Simultaneously in mid February, advice notes detailing various Court procedures were generally reviewed and re-published thereby ensuring compatibility between the theory and practical application. Throughout the six month trial period a policy of continual review has ensured that the advice notes reflect the current status of Court procedure. Questionnaires have been issued throughout to participants asking for feedback and court staff have kept their own statistics
The most significant review came about in June following a meeting of the Small Claims project board. At that time it was recognised that, whilst litigants in person were amenable to mediation and in many instances were taking early advantage of resolving their disputes, in contrast it was evident that lawyers at the time of coming to Court had taken insufficient instructions from their clients.
With effect from the 12th June 2002, except in very exceptional circumstances, any contested claim coming before the Court has been dealt with as follows:-
Simple actions where both parties are present and are agreeable to mediation have resulted in mediation hearings being booked whilst the parties are present in Court.
Actions which are considered
(i) to be more complex, or
(ii) where either one or both parties have legal representation, or
(iii) where only one party is keen to attend mediation
are adjourned for a six week period during which time the Court directs both parties to file formal written pleadings in accordance with existing Court rules.
When the parties next appear in the Petty Debts Court at the end of the six week period a decision will be made as to whether mediation is a suitable vehicle and a date is booked for a hearing. Alternatively the matter is set down en preuve in the normal way.
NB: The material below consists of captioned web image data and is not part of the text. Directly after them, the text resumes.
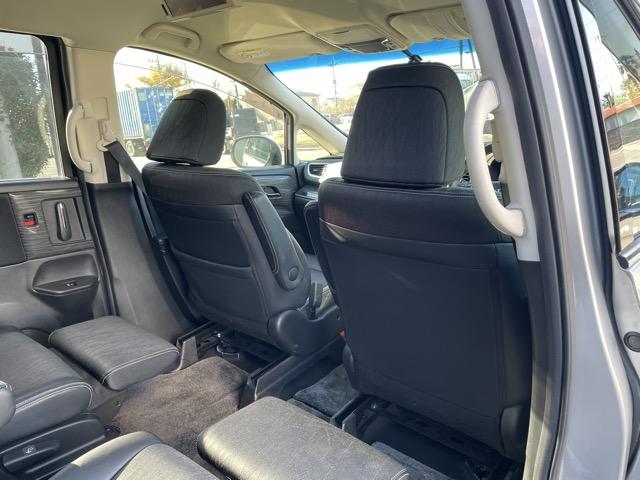 オデッセイ アブソルート・ＥＸ　フリップダウンモニター　両側パワースライドドア　レーダークルーズ　車高調　ハーフレザーシート　マルチビューカメラ　地デジ（フルセグ）　Ｂｌｕｅｔｏｏｔｈ　ＬＥＤヘッドライト　パワーシート　パドルシフト（22枚目）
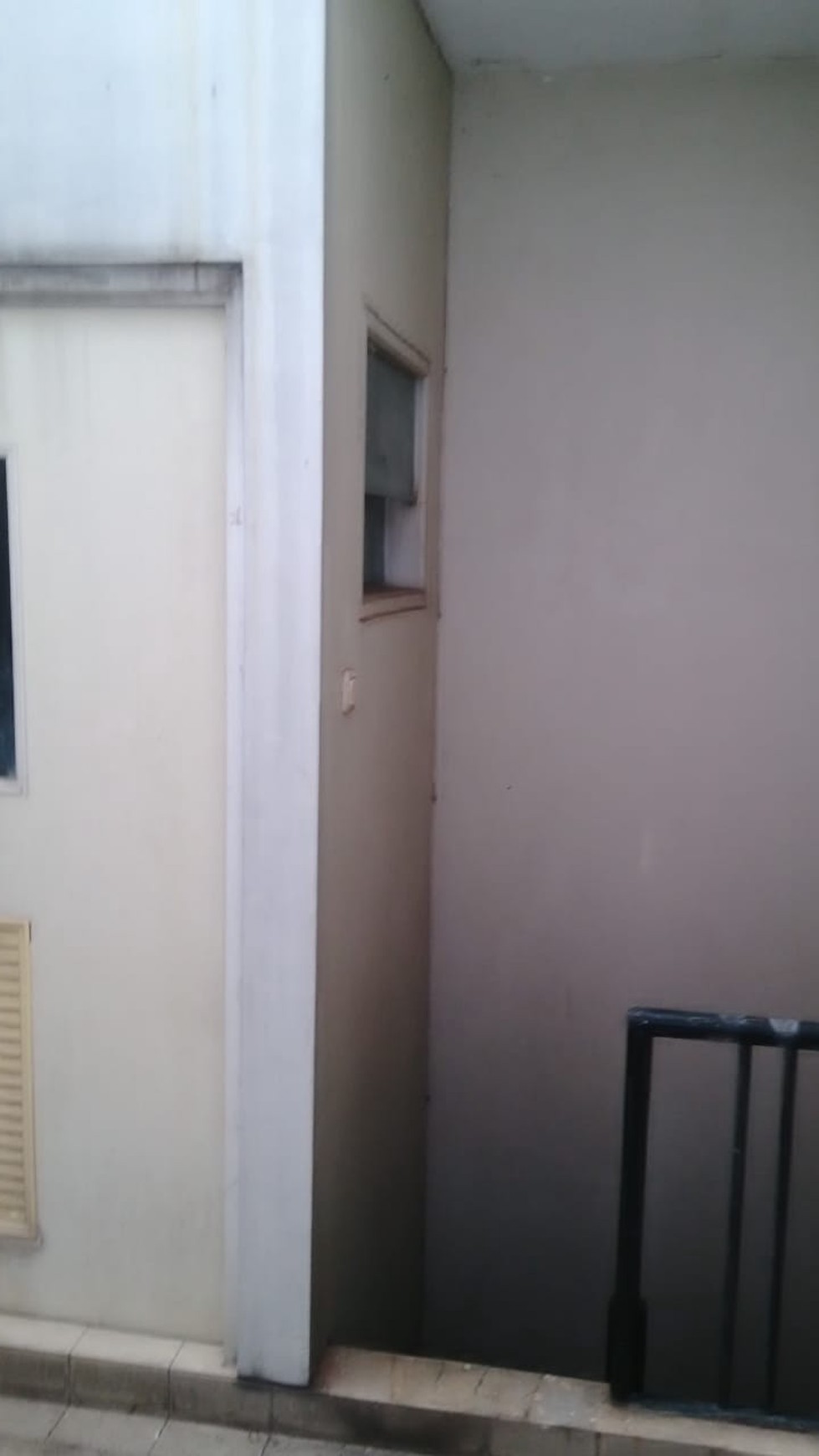 Disewa Rumah di Graha Raya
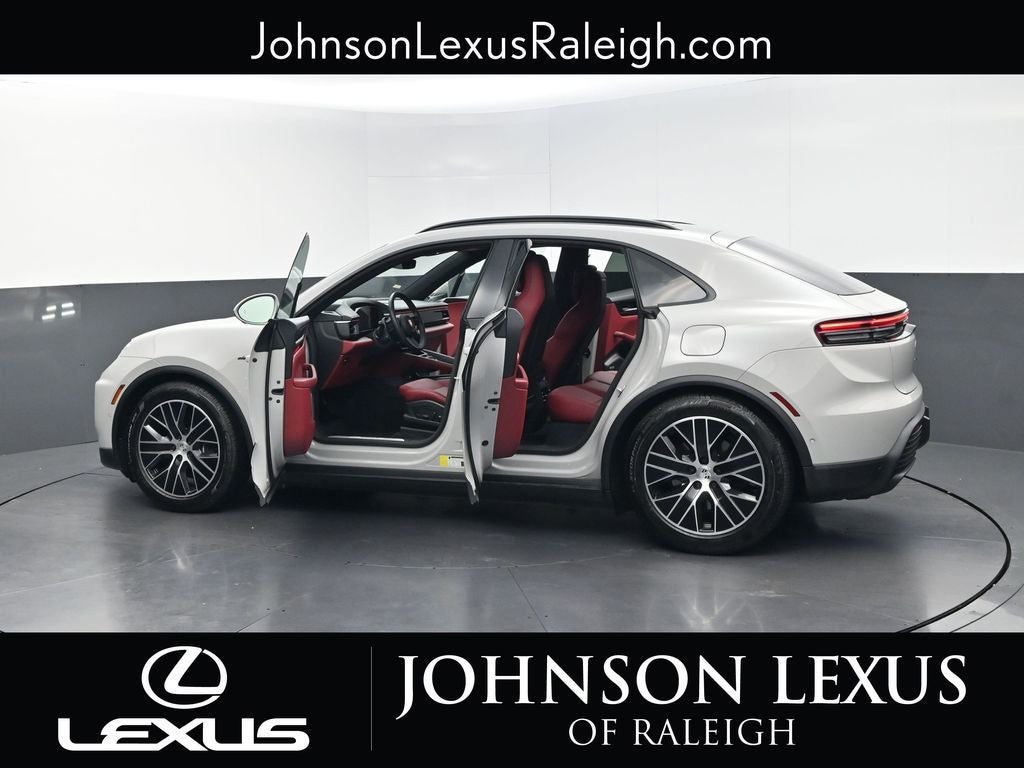 2026 Porsche Macan Electric 4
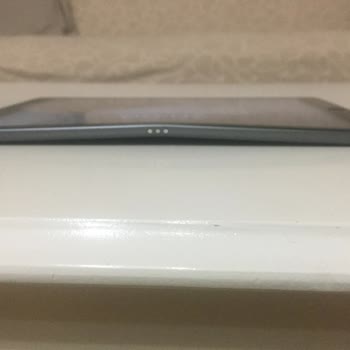 Apple / İpad (9. Nesil) Tabletin Yamulması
Summary Of Mediation Disputes
Whilst the project board is of the opinion that any measure of the successes of the scheme may be premature nevertheless limited data is available upon which a provisional assessment can be made as to whether the scheme, as it has developed, still meets the original criteria or whether further adjustment is necessary.
To date 21 disputes have been referred to mediation.
A breakdown of these actions is as follows:-
14 actions settled at the mediation hearing;
1 action settled within 48 hrs of the mediation hearing;
6 actions reverted en preuve.
The actions that reverted en preuve did so after it was felt at the mediation hearing that mediation was not appropriate and the matter was best dealt with through the normal Petty Debts Court process.
Additionally, following the change of policy on the 12th June 2002, a further 23 actions are presently being progressed by way of the submission of formal written pleadings prior to an assessment being made as to their suitability for mediation.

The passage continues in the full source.